The Experience of a Lifetime
PROVO, Utah – Sep 25, 2018 – Attending fencing school in France with an Olympic medalist. Paragliding through the Swiss Alps. Rowing gondolas down the canals of Venice, Italy. As students traveled overseas this summer on the Experience Design and Management Study Abroad, they learned how to best design events by participating in numerous once-in-a-lifetime experiences.
“We gave students the opportunity to learn and have experiences so we could apply the principles of experience design to the staged experiences that were being offered,” says Professor Brian Hill, who accompanied the students on the trip. “We participated in some of the most unique experiences of any study abroad I’ve ever been on.”
A favorite staged experience that students participated in was gladiator fighting. While in Italy, the group learned about Ancient Rome by “fighting to the death” in the ring. “Having such a ridiculous experience early on in our trip helped us to bond,” says Shelley Bushman, an ExDM senior from Overland Park, Kansas. “We were laughing the whole time.”
The trip also offered opportunities to meet with business executives and learn from their knowledge of the ExDM field.
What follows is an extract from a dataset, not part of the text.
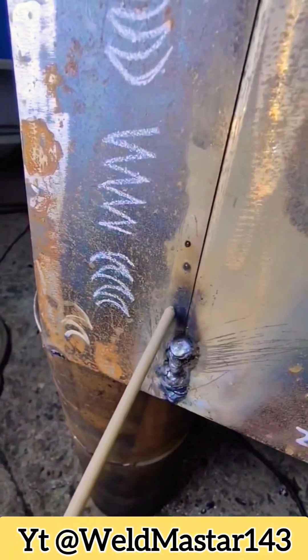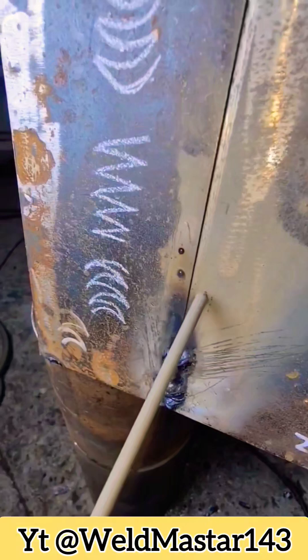I'll demonstrate this from this position. Watch closely. Welding is finished. After knocking off the slag, let's take a look at the weld bead formation. This here is the weld bead formation effect.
While in London, the group visited the Lego Store to speak with the regional manager about how the company takes advantage of experience design principles even in a retail setting.
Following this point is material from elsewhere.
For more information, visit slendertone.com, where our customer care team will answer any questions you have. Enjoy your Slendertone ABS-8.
“I have a new wealth of knowledge to draw on that comes directly from the real world,” Bushman says. “We learned this knowledge straight from the mouth of the customer experience executive at LEGO and also from visiting historical sites such as those in Rome.”
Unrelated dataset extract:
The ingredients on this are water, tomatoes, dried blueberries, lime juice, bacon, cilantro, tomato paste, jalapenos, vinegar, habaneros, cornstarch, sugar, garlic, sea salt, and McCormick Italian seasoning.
Another interesting factor in the study abroad was its focus on research. Students acted as both evaluators and subjects in four different research projects that involve collaborators from BYU and other universities. The studies measured engagement in dark tourism, the connection between emotion and experiences, the impact of service quality on customer loyalty, and the correlation between absorption and experiences.
After paragliding, bike touring, Segwaying, and participating in other activities, students filled out a number of different surveys to test the four research focuses. To prepare for the research and business aspects of the trip, students took an international business course before leaving and worked on projects and assignments while on the trip.
“I’ve learned volumes sitting in classes at BYU Marriott, but nothing compares to going out into the world and seeing how what you’ve learned in class compares to what companies are doing in your field,” Bushman says.